Same situation. at this time, check whether the CPU utilization rate is nearly 0%? I guess it's the wrong setting that causes the program process to jam.

YicongHong commented 2 years ago

After some tracing, I found the code hangs here https://github.com/allenai/embodied-clip/blob/855fe741ddecaaf2492966d52d3f130e58d3c48f/allenact/algorithms/onpolicy_sync/vector_sampled_tasks.py#L213 which I guess it is still related to rendering views.

apoorvkh commented 2 years ago

OSError: Could not find any open X-displays on which to run AI2-THOR processes

You're going to need to also start x-displays. Please see more details here.

sudo python scripts/startx.py &
YicongHong commented 2 years ago

Hello Apoorv, Thanks for keep tracing this issue for us.

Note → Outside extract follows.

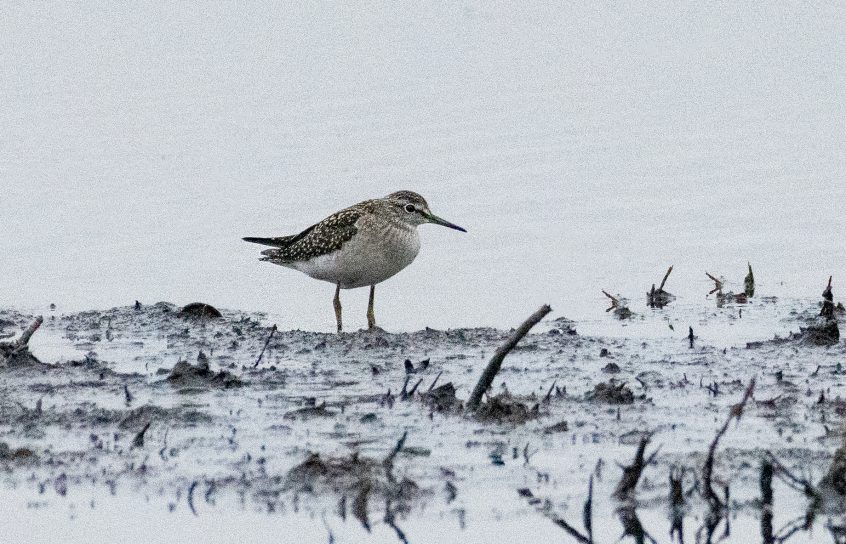 Wood Sandpiper, Thursley Common (E Stubbs).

Yesterday I was hoping to run the code without X-display at all because enabling X-display is really a pain on my servers, but it seems that it is very hard to find a way around. Today I finally enabled the X-display on my machine, now I come back to re-run the code but now it hangs at a different place with my keyboard irresponsive in the terminal and 100% CPU utilization

(embclip-allenact) yhong@xxxxxx:~/test_projects/embclip-allenact$ PYTHONPATH=. python allenact/main.py -o storage/objectnav-robothor-rgb-clip-rn50 -b projects/objectnav_baselines/experiments/robothor/clip objectnav_robothor_rgb_clipresnet50gru_ddppo [08/24 22:33:52 INFO:] Running with args Namespace(approx_ckpt_step_interval=None, approx_ckpt_steps_count=None, checkpoint=None, collect_valid_results=False, config_kwargs=None, deterministic_agents=False, deterministic_cudnn=False, disable_config_saving=False, disable_tensorboard=False, distributed_ip_and_port='127.0.0.1:0', eval=False, experiment='objectnav_robothor_rgb_clipresnet50gru_ddppo', experiment_base='projects/objectnav_baselines/experiments/robothor/clip', extra_tag='', infer_output_dir=False, log_level='info', machine_id=0, max_sampler_processes_per_worker=None, output_dir='storage/objectnav-robothor-rgb-clip-rn50', restart_pipeline=False, save_dir_fmt=<SaveDirFormat.FLAT: 'FLAT'>, seed=None, skip_checkpoints=0, test_date=None, test_expert=False) [main.py: 420] [08/24 22:33:56 INFO:] Git diff saved to storage/objectnav-robothor-rgb-clip-rn50/used_configs/ObjectNav-RoboTHOR-RGB-ClipResNet50GRU-DDPPO/2022-08-24_22-33-56 [runner.py: 754] [08/24 22:33:56 INFO:] Config files saved to storage/objectnav-robothor-rgb-clip-rn50/used_configs/ObjectNav-RoboTHOR-RGB-ClipResNet50GRU-DDPPO/2022-08-24_22-33-56 [runner.py: 798] [08/24 22:33:56 INFO:] Using 1 train workers on devices (device(type='cuda', index=7),) [runner.py: 239]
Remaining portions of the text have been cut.